Output every entry exactly as written, but omit the pictures.

── Material for this task ──

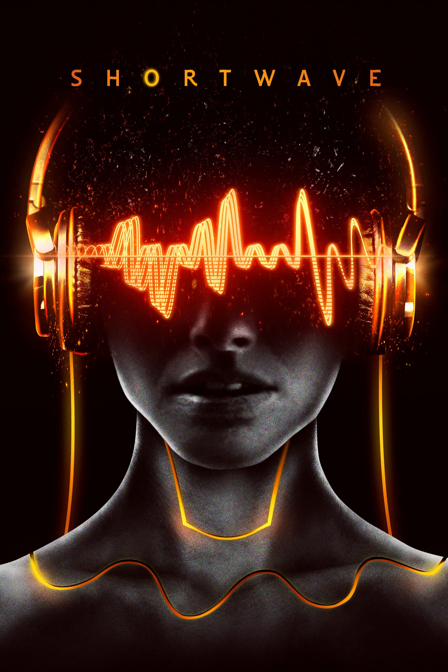 shortwave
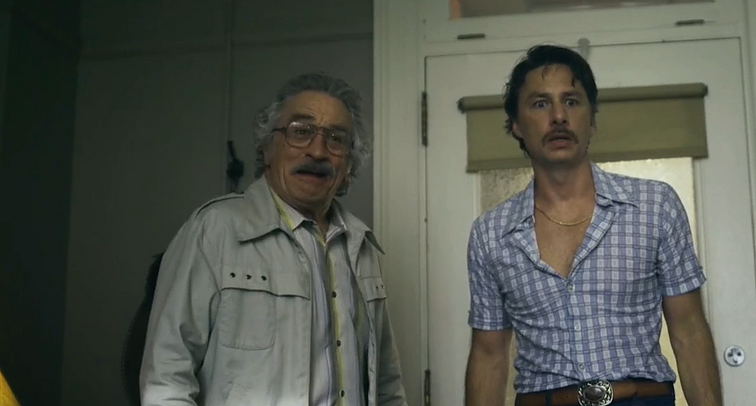 Norintiems jaukiai pasislėpti nuo lietaus, kino teatrai siūlo 5 premjeras: atgaivos akims ras ir komedijų, ir dramų gerbėjai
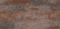 Плитка Cersanit Trendo Brown 29,8х59,8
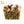 Load image into Gallery viewer, Palo Santo Floral Herb Smudge - Exclusive Production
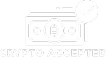 Crypto Accepted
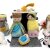 13pcs Nativity Set Small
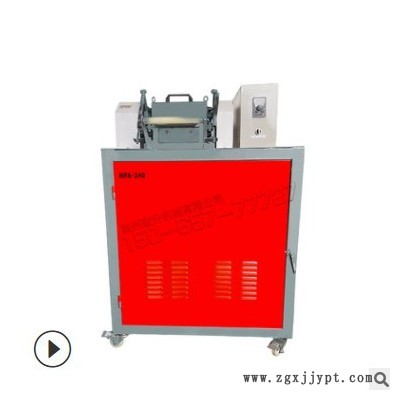 塑料切粒机联升可供应多种型号水冷塑料滚刀静音切?；跚辛；? title=
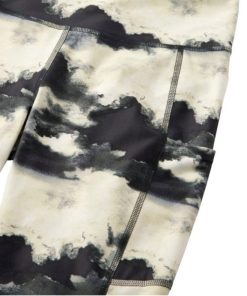 Vectorvogue.shopa248e9eaba 5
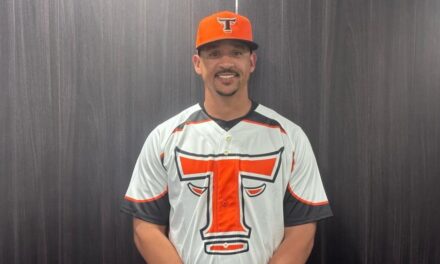 Los Toros del Este anuncian staff de coaches que acompañarán a Víctor Estévez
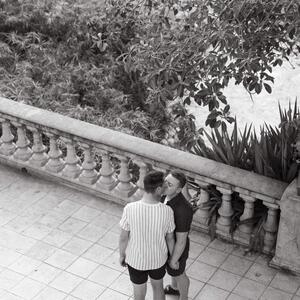 Gallery Photo 4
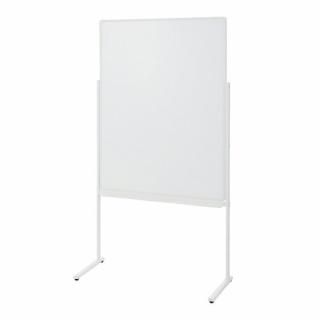 ץ饹 ̥ۥ磻ȥܡLVS2-43SSJL 1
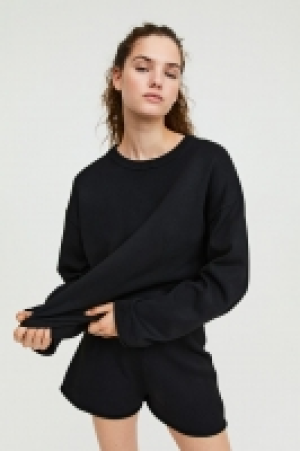 Feinstrickpullover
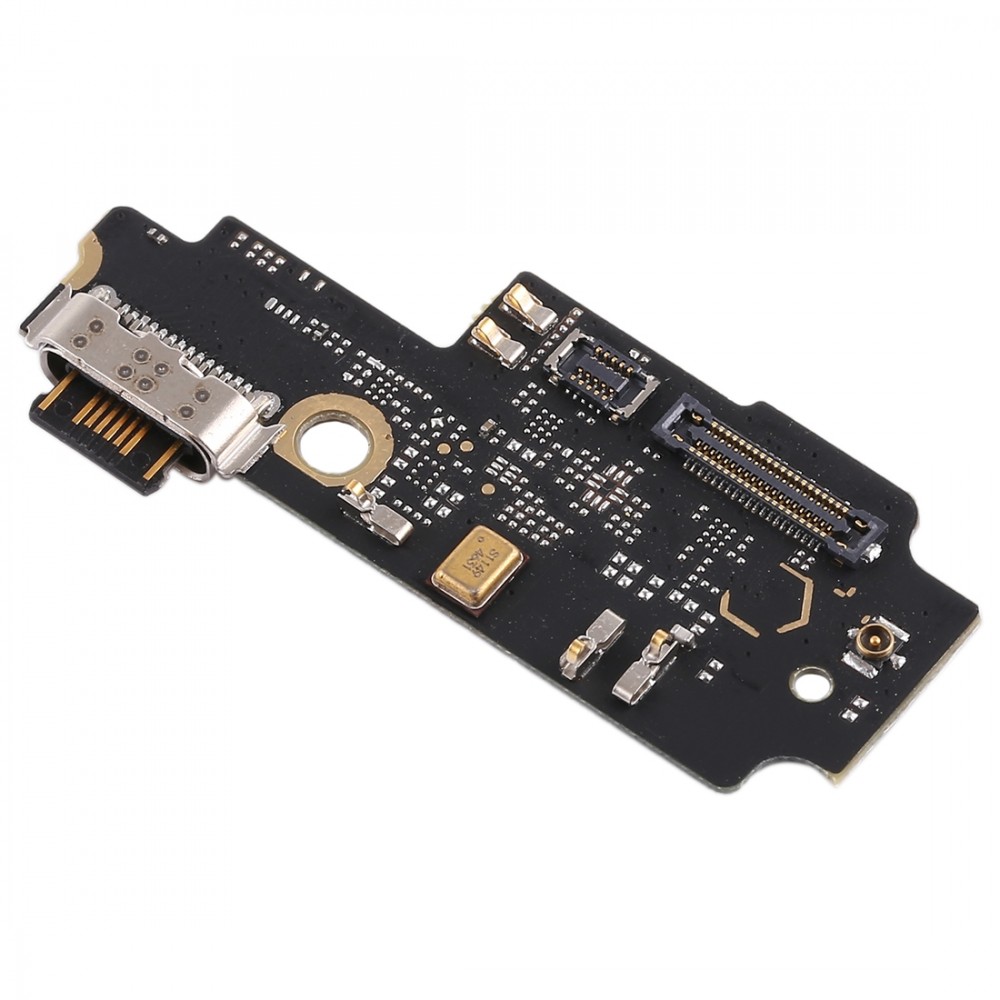 Charging Port Board for Xiaomi MI Mix 2S Xiaomi Replacement Parts Xiaomi Mi Mix 2S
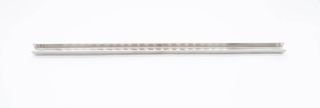 (F)R600/700/1200/1400 - Guide For Shelf (Left)-thumb-2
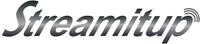 Streamitup LTD, unique Enterprise Multimedia Platform (EMP) solution manufacturer, starts roadshow in the German market.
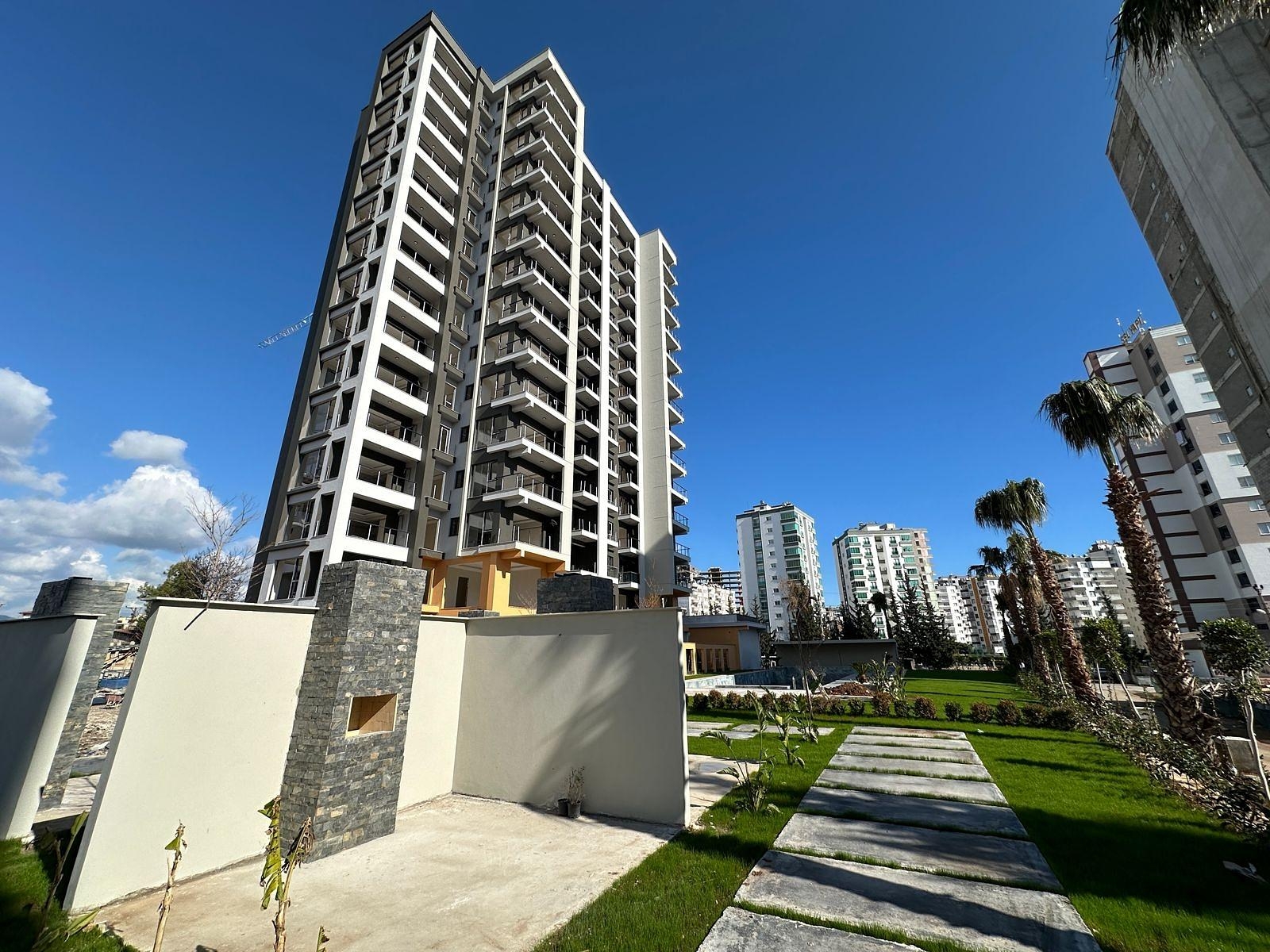 detail.propertyImage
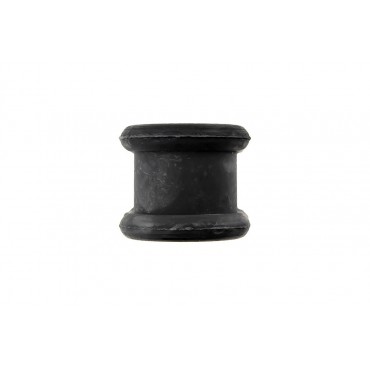 2 Silent Bloc Barre Stabilisatrice Avant Pour Jeep Grand Cherokee II 52088284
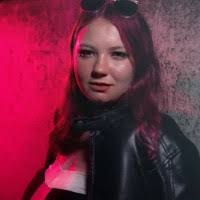 4 "Sara Denham" profiles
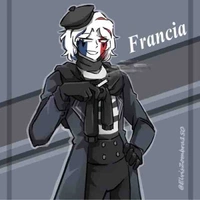 France 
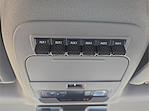 2025 Ford F-250 Crew Cab 4WD Pickup for sale #1577661 - photo 17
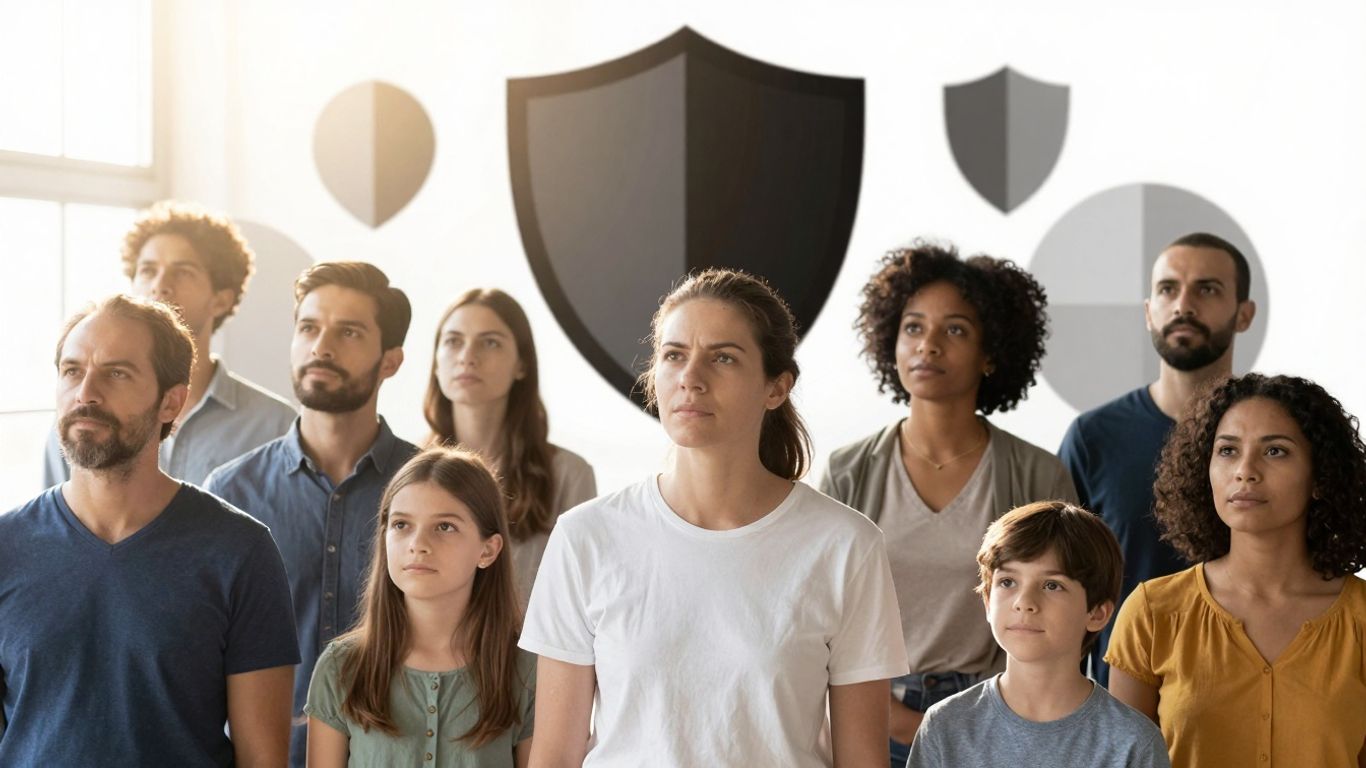 Descubra os Melhores Seguros de Vida em 2026: Guia Completo para Sua Proteção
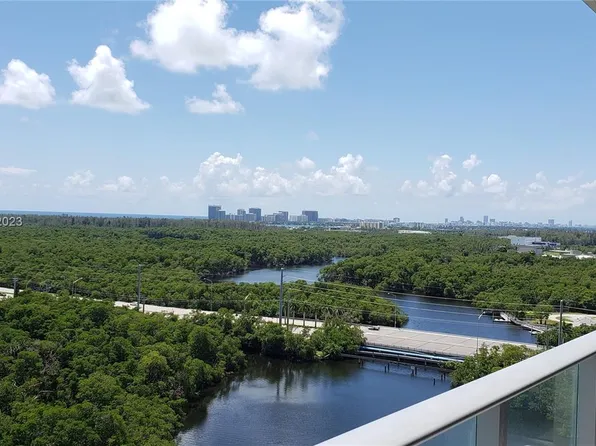 16385 Biscayne Blvd Unit 1420, North Miami Beach, FL 33160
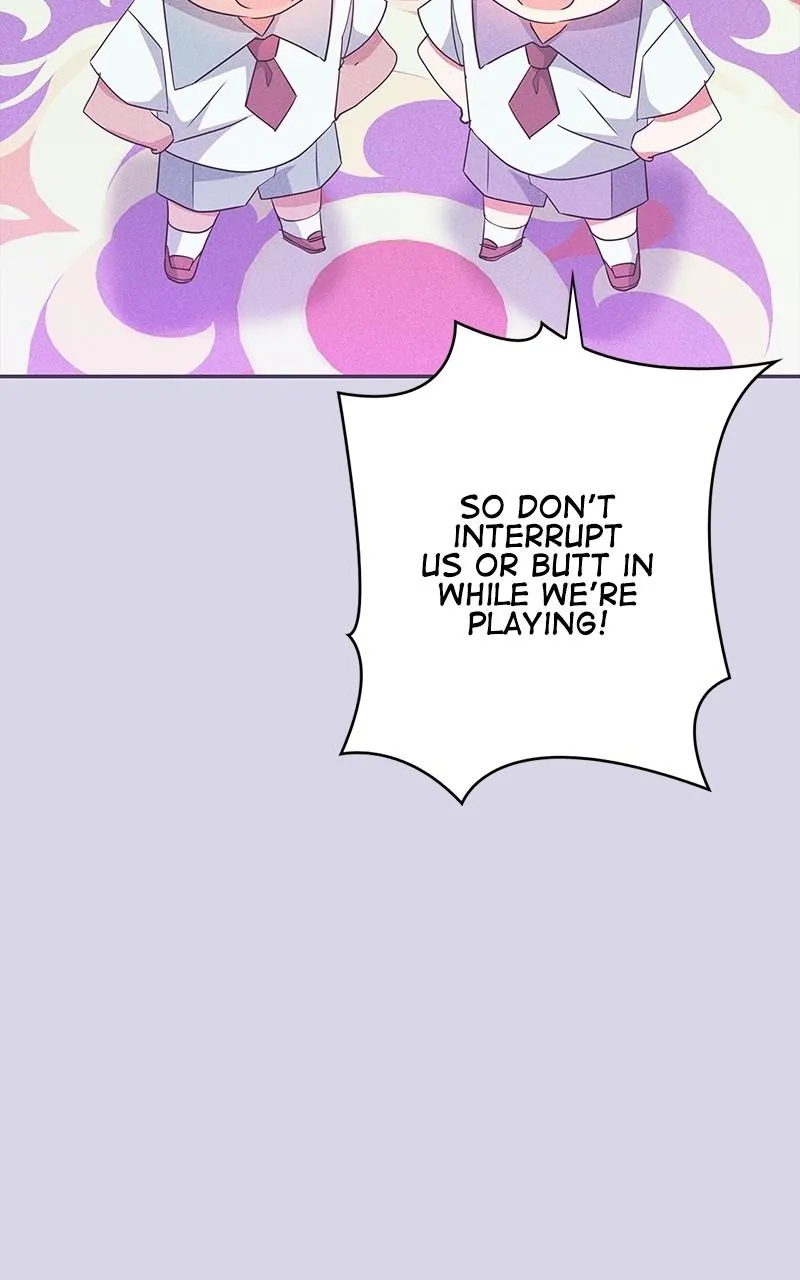 Read My Gently Raised Beast (en) Manga Online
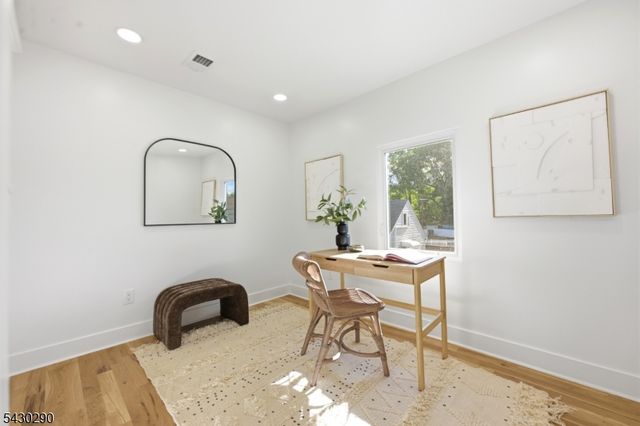 47 Darling Ave, Bloomfield Twp., NJ 07003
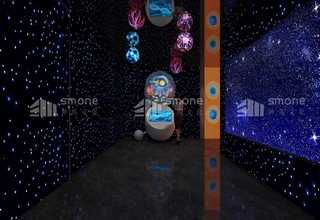 佛山附近回程車有哪些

───

**Finished exercise:**
 shortwave
 Norintiems jaukiai pasislėpti nuo lietaus, kino teatrai siūlo 5 premjeras: atgaivos akims ras ir komedijų, ir dramų gerbėjai
 Плитка Cersanit Trendo Brown 29,8х59,8
 Load image into Gallery viewer, Palo Santo Floral Herb Smudge - Exclusive Production
 Crypto Accepted
 13pcs Nativity Set Small
 塑料切粒机联升可供应多种型号水冷塑料滚刀静音切?；跚辛；? title=
 Vectorvogue.shopa248e9eaba 5
 Los Toros del Este anuncian staff de coaches que acompañarán a Víctor Estévez
 Gallery Photo 4
 ץ饹 ̥ۥ磻ȥܡLVS2-43SSJL 1
 Feinstrickpullover
 Charging Port Board for Xiaomi MI Mix 2S Xiaomi Replacement Parts Xiaomi Mi Mix 2S
 (F)R600/700/1200/1400 - Guide For Shelf (Left)-thumb-2
 Streamitup LTD, unique Enterprise Multimedia Platform (EMP) solution manufacturer, starts roadshow in the German market.
 detail.propertyImage
 2 Silent Bloc Barre Stabilisatrice Avant Pour Jeep Grand Cherokee II 52088284
 4 "Sara Denham" profiles
 France 
 2025 Ford F-250 Crew Cab 4WD Pickup for sale #1577661 - photo 17
 Descubra os Melhores Seguros de Vida em 2026: Guia Completo para Sua Proteção
 16385 Biscayne Blvd Unit 1420, North Miami Beach, FL 33160
 Read My Gently Raised Beast (en) Manga Online
 47 Darling Ave, Bloomfield Twp., NJ 07003
 佛山附近回程車有哪些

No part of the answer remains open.